• _INFORMATION PROVIDED_:
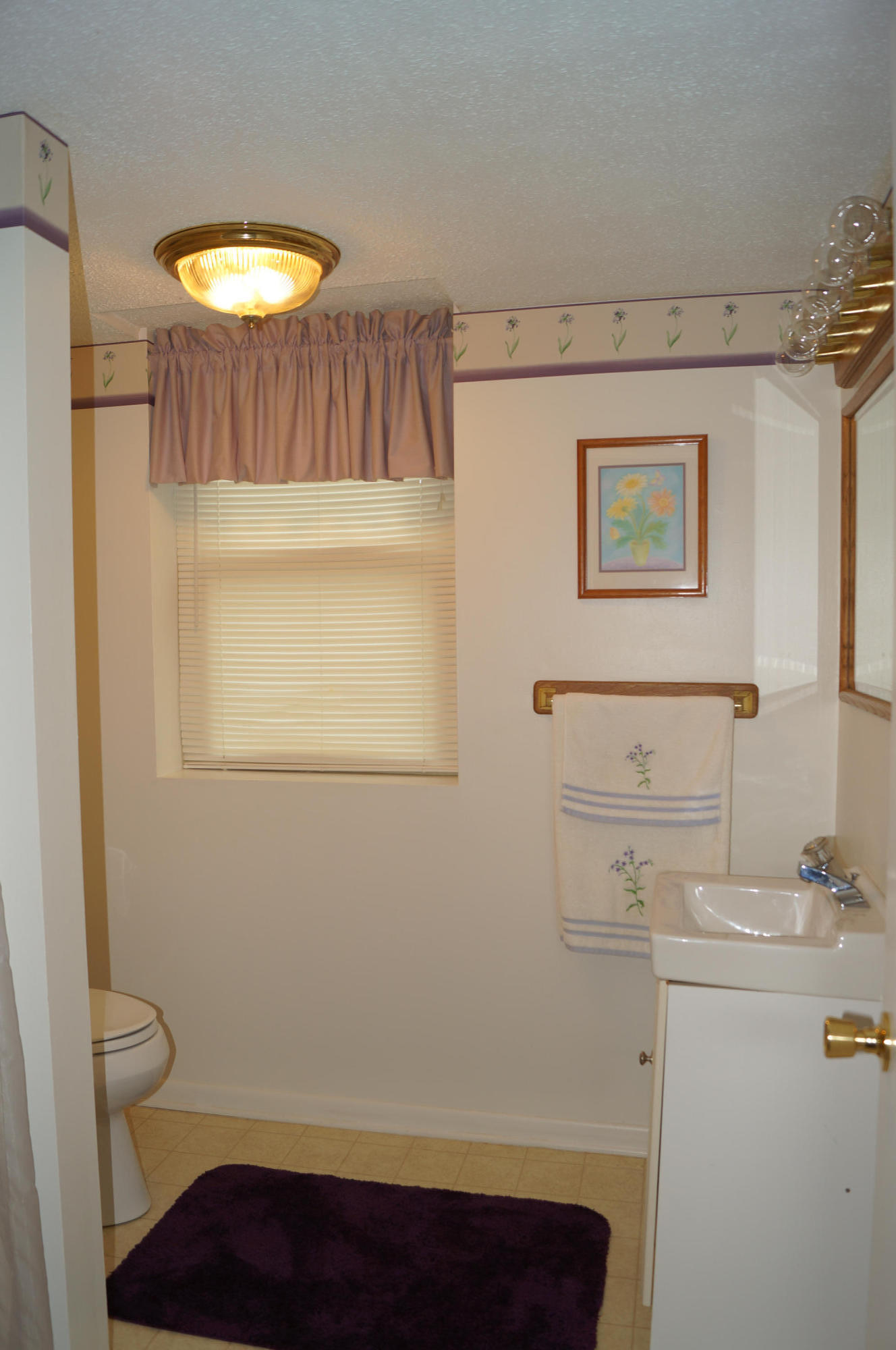 418 Bluff Point Road Harriman, TN 37748 - Photo 10 of 37 Downstairs Bathroom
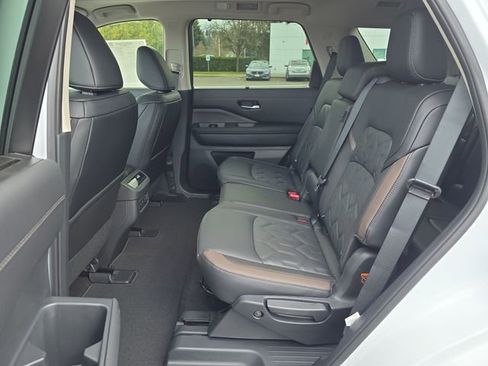 New 2026 Nissan Pathfinder Platinum image 17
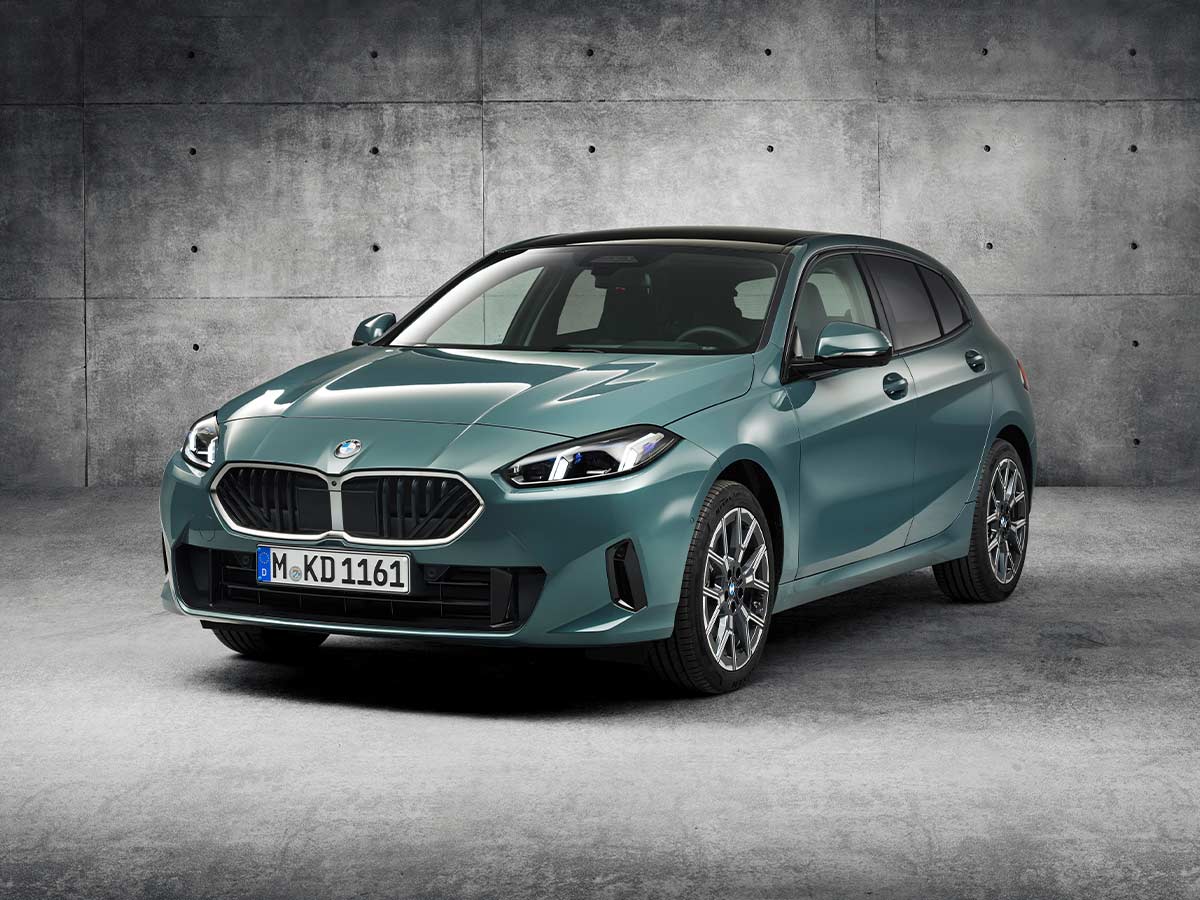 2024 BMW 1 Series 120 Base Variant Front Quarter View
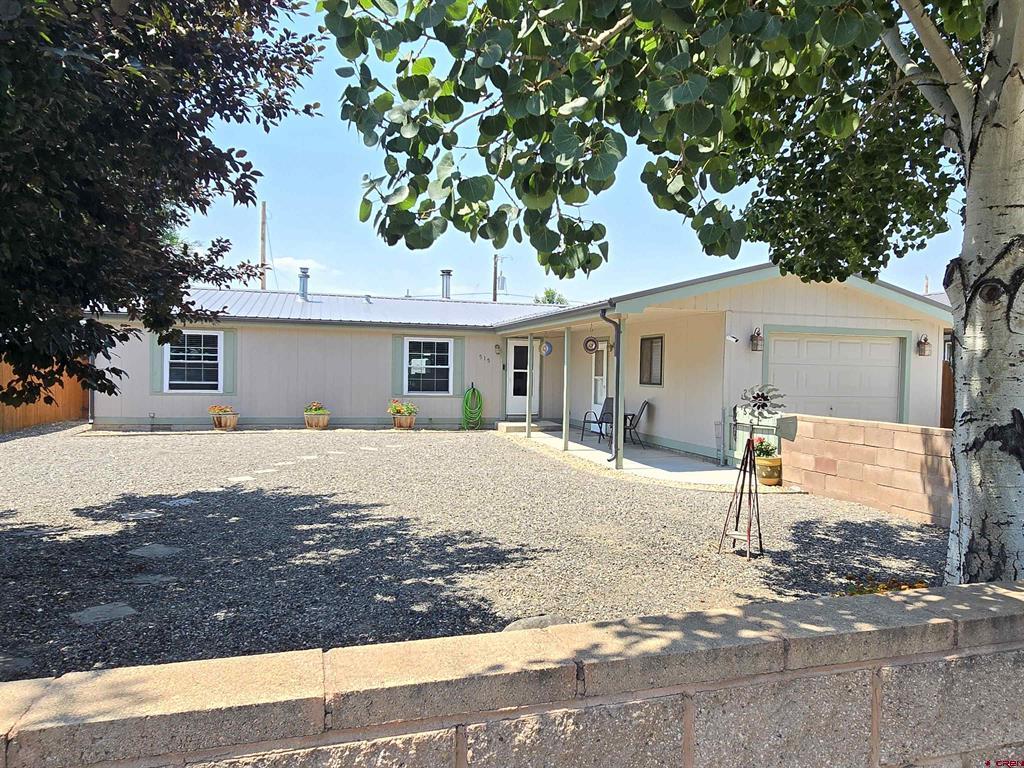 515 Dennis Street Property Photo 1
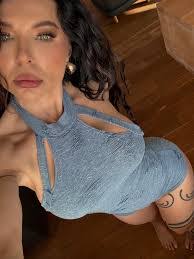 Robin Kimble's Instagram, Twitter & Facebook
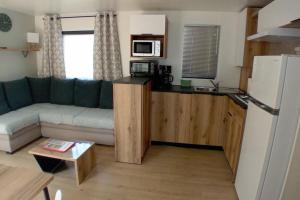 Η κουζίνα ή μικρή κουζίνα στο New mobile home near Touquet-Paris-Plage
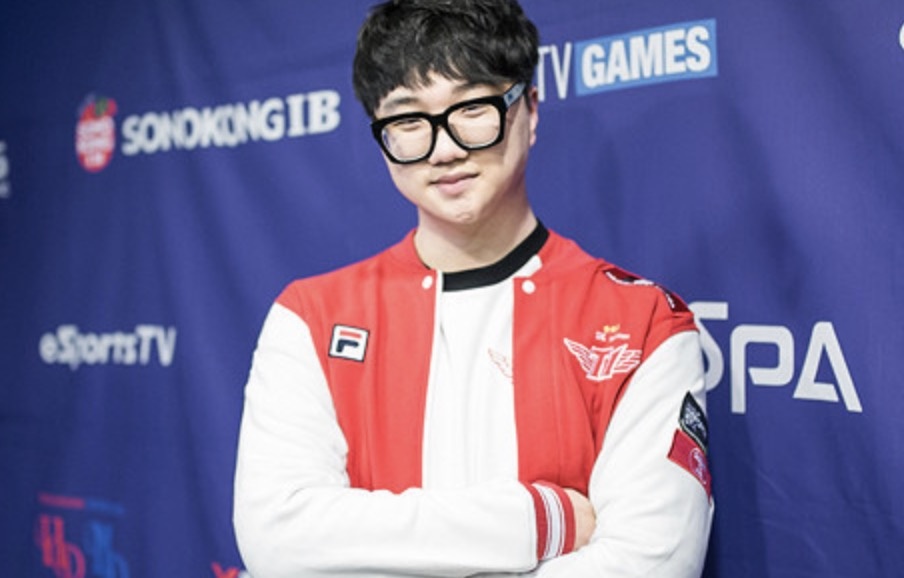 Team Flash lam dieu chua tung co trong lich su LMHT Viet Nam hinh anh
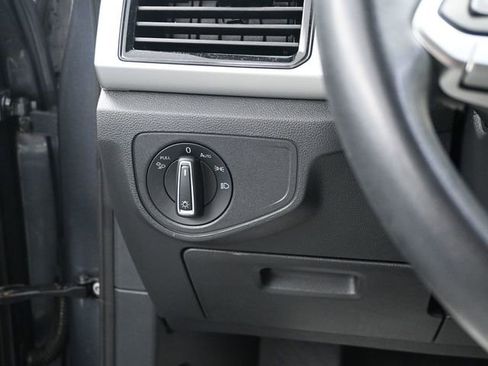 Used 2022 Volkswagen Atlas Cross Sport SE image 8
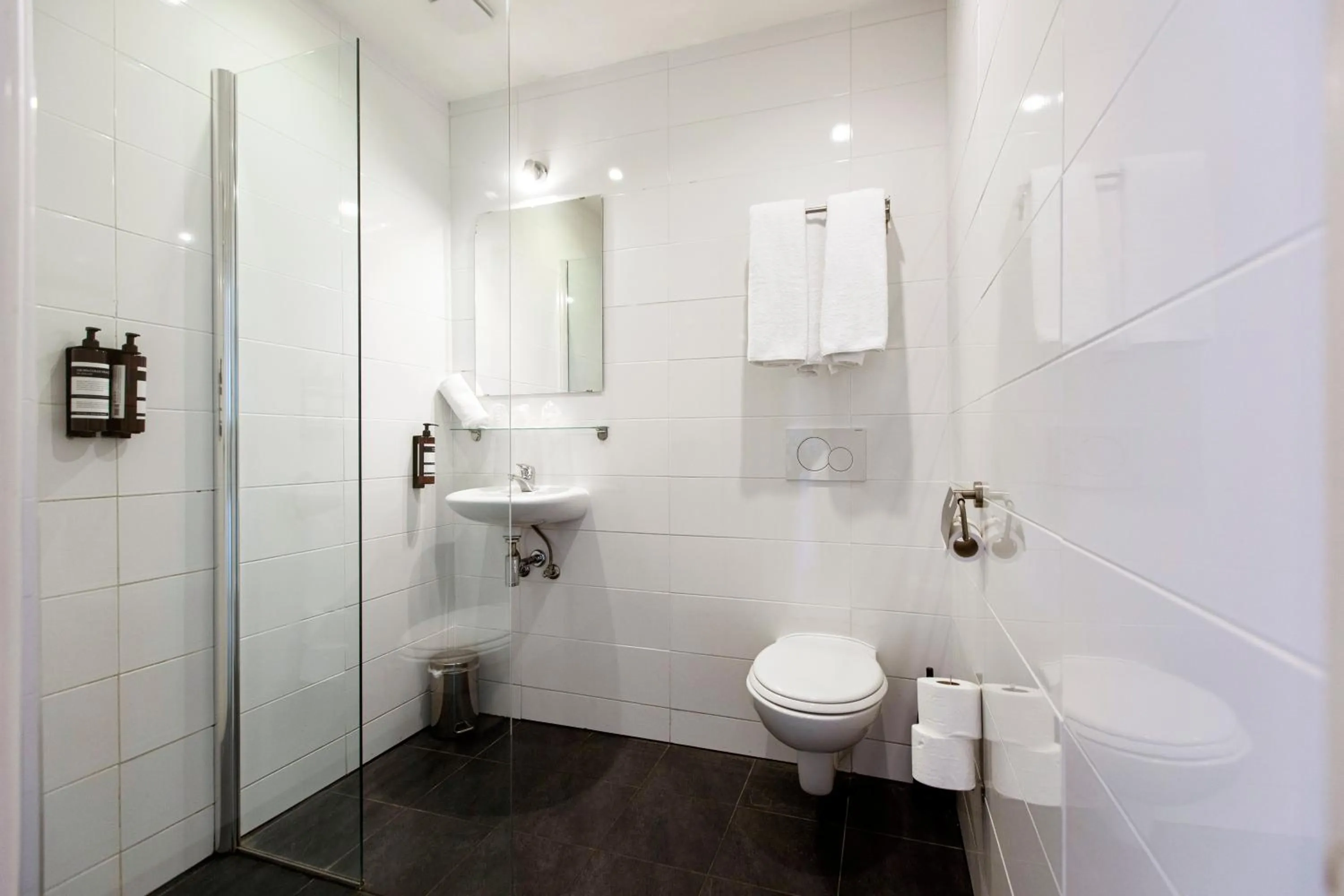 Shower in Quentin Arrive Hotel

• _WHAT YOU WILL DO_:
Your output should be only the lines from the line with "Η κουζίνα ή" through the end of the data, exactly as they stand, and no pictures.

• _RESPONSE TO THIS TASK_:
 Η κουζίνα ή μικρή κουζίνα στο New mobile home near Touquet-Paris-Plage
 Team Flash lam dieu chua tung co trong lich su LMHT Viet Nam hinh anh
 Used 2022 Volkswagen Atlas Cross Sport SE image 8
 Shower in Quentin Arrive Hotel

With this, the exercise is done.